Amsterdam meets me at the glass, and the glass feels like a confession booth. The city leans in close, as if it has something to say and wants to be certain I hear it.
There is a shout of a sign in the window, one of those bold promises that asks for attention. It calls out for quotes instead of coffee, and it lands like a dare. A small invitation to choose language first, to reach for meaning before comfort.
Light washes over the street with a softness that makes everything feel slower. People pass. Faces blur. Cars breathe. Somewhere nearby, a kettle releases a quiet sigh that carries the weight of a forgotten prayer. The city keeps moving while the moment holds still.
I notice the small rebellion in choosing words over caffeine. There is a particular hunger in it, a desire for a line that cracks open the day and changes its shape. It feels physical, like the body recognising a need before the mind can name it.
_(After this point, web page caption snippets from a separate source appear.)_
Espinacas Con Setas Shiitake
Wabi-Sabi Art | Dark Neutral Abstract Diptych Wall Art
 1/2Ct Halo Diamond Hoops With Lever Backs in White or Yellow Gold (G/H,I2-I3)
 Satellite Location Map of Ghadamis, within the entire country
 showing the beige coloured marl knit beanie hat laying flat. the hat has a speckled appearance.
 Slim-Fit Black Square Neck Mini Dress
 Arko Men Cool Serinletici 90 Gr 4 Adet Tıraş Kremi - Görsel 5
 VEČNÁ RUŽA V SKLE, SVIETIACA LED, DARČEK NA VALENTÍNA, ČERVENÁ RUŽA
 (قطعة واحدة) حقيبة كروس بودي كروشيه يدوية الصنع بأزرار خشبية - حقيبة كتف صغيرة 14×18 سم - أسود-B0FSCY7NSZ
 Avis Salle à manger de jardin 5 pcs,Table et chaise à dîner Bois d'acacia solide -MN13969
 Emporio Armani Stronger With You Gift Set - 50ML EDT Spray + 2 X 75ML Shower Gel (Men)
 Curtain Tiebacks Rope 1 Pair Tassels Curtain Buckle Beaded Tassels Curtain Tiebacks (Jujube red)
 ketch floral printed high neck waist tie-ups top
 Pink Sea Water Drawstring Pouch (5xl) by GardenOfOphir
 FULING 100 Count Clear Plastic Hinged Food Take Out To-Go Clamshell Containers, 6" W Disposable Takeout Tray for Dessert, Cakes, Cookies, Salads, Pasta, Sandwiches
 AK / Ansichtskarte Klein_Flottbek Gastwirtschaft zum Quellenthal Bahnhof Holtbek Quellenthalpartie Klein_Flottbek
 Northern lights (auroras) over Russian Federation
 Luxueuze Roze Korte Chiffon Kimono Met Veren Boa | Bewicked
This is appetite. A grin between sips that says: make something honest and let it steam on the tongue. The sign is loud, yet the moment stays gentle, held together by reflection and breath and the ordinary rhythm of a morning.
I think about all the lives crossing this pane of glass. How many stories move past without pausing, and how many of us borrow courage from reflections. Sometimes the mirror gives us permission to see ourselves as someone capable of more.
Today, Amsterdam offers that permission. To want more. To be more. To love the mess and still find the lyric inside it. To keep choosing language as a way of meeting the world with open eyes.